NBC Sports: Italy beats Germany 2-1 to reach Euro 2012 final

Packaged for takeaway:

  • Germany’s need to avoid mistakes was a theme pre-match, and true to form, mistakes were the favorite’s undoing.
    • Mats Hummels’ tournament went from ‘promising’ to ‘decidedly mixed’ after he was beaten badly by Antonio Cassano in the 20th minute, the Italian attacker providing for Balotelli’s first goal. It was the second time this tournament Hummels was the main culprit on a goal allowed.
    • Germany was caught in transition on the second, with Philipp Lahm losing track of Balotelli, allowing Ricardo Montolivo to hit the attacker with a 40-yard pass ahead of Italy’s second goal.
  • The goals came after a promising start from the Germans, who were able to exploit Italy’s lack of width to get down the flank and aim crosses at the edge of Gianluigi Buffon’s six-yard box. The most dangerous of their chances came in the 12th minute when Jerome Boateng hit a ball toward Buffon, whose weak block nearly gifted Sami Khedira the opening goal.
  • It was all part of an opening sequence that looked eerily similar to the England-Italy match. Germany were the more energetic team, quick transitioning into their attacking third while doing a good job containing Andrea Pirlo.
  • Joachim Low had surprisingly inserted Toni Kroos into the starting XI instead of Thomas Müller (Mario Gomez and Lukas Podolski returned to the lineup). It quickly became apparent why. The Bayern Munich star, making his first start of the tournament, was tasked with keeping tabs on Pirlo, with Mesut Ozil moving out right in the defensive phase.
  • Unlike England, Germany persisted with Operation Disrupt Andrea, forcing Italy to be more direct into attack. Long balls for Balotelli frequently established possession or drew fouls, with Cassano proving an influential alternate outlet, often turning long passes to the left into shots 25-plus-yard shots on Manuel Neuer.
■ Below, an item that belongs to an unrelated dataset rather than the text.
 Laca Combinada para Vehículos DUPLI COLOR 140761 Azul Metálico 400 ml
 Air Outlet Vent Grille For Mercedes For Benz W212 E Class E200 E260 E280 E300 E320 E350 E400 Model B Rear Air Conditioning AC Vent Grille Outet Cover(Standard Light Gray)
Eventually Cassano changed tact and, still operating through the left, created the opening goal.
  • After Italy’s second goal, Germany was ceded control of the ball, though they failed to stress Buffon before half time. With the match playing out exactly as Italy wanted, Löw needed to change things up.
  • That’s exactly what he did coming out of halftime. Gomez and Podolski were out. Miroslav Klose and Marco Reus were in. The changes, perhaps coupled with a Germany’s newfound desperation, led to a number of early second half chances:
    • (49′) Lahm played off Kroos to create an open shot from the edge of the box, one which eventually went out of play.
    • (55′) Khedira ghosted onto a Ozil cutback from the line only to see his shot from six yards out blocked.
    • (56′) Klose burst through the left channel only to be thwarted by nice support from Leonardo Bonucci.
    • (62′) A direct kick from Reus was put off the cross bar after Kroos earned a foul (and card) from Bonucci.
  • Just before the hour, Prandelli started making his changes, a series of like-for-likes portraying his comfort at how Italy was set up: Cassano gave way for Alessandro Diamanti (58′); Montolivo came off for Thiago Motta (63′); and Balotelli was swapped for Toto Di Natale (70′). By that time, Germany’s momentum was gone, and although Löw eventually added another attacker (bringing on Müller for Boateng), the match seemed settled.
  • If anything, it was Italy that was more likely to score the next goal, with Claudio Marchisio having good chances to ice the match in the 67th and 75th minutes. With Germany putting themselves down a defender, Italy searched for an insurance goal goal, pushing midfielders forward in the 79th minute in an attempt to put the match to rest.
  • In the 82nd minute, Di Natale was put in alone from 40 yards out only to pull up, try his chances from the edge of the box, and put his shot into the outside side netting. Seconds later, an offside call on a Federico Balzaretti goal kept Italy up two.
  • Balzaretti gave Germany a late life line, handling a cross at the edge of the six that led to a penalty shot. Finishing to the right above the diving Buffon, Mesut Ozil pulled German within one with two minutes left in (four minutes of) stoppage time.
  • But two minutes were nowhere near enough for a team who had been second-best all day and had just spent 20 minutes thwarting a third goal. The Germans never got another chance at Buffon, the referee blowing the whistle just after the clock hit 94:00.
  • It was a masterfully exploitive performance for Italy, taking advantage of two early mistakes en route to the upset. Given the low expectations they carried into the tournament – troubles on the homefront, disappointing performances in their last two competitions, attempts by Prandelli to change the team’s style of play – it’s difficult not to root for them. There is something reassuring when a team reminds you most conventions are best served when they’re defied.
  • For Germany, the disappointment comes on multiple levels. Not only were they favored, more talented, and the form side coming into the game, but the match represented one of their best imaginable chances to exorcise their Italian demons. Instead, they give a performance that lends credence to the incredible: that Italy has some kind of cosmic advantage over the Germans.
  • That advantage sets up a Sunday meeting with Spain, a rematch of Group C’s opening game. Then, Italy took a second half lead through Di Natale before being drawn after a Cesc Fabregas goal.
  • Italy still hasn’t trailed or been beaten at Euro 2012, but against Spain, they’ll face a team won’t make near as many mistakes as the Germans. However, as Italy has reminded us over the last three weeks, the on-paper match ups only mean so much.
  • Spain will be favored on Sunday in the same way Germany was favored to day. It’s nothing the Italians can’t overcome.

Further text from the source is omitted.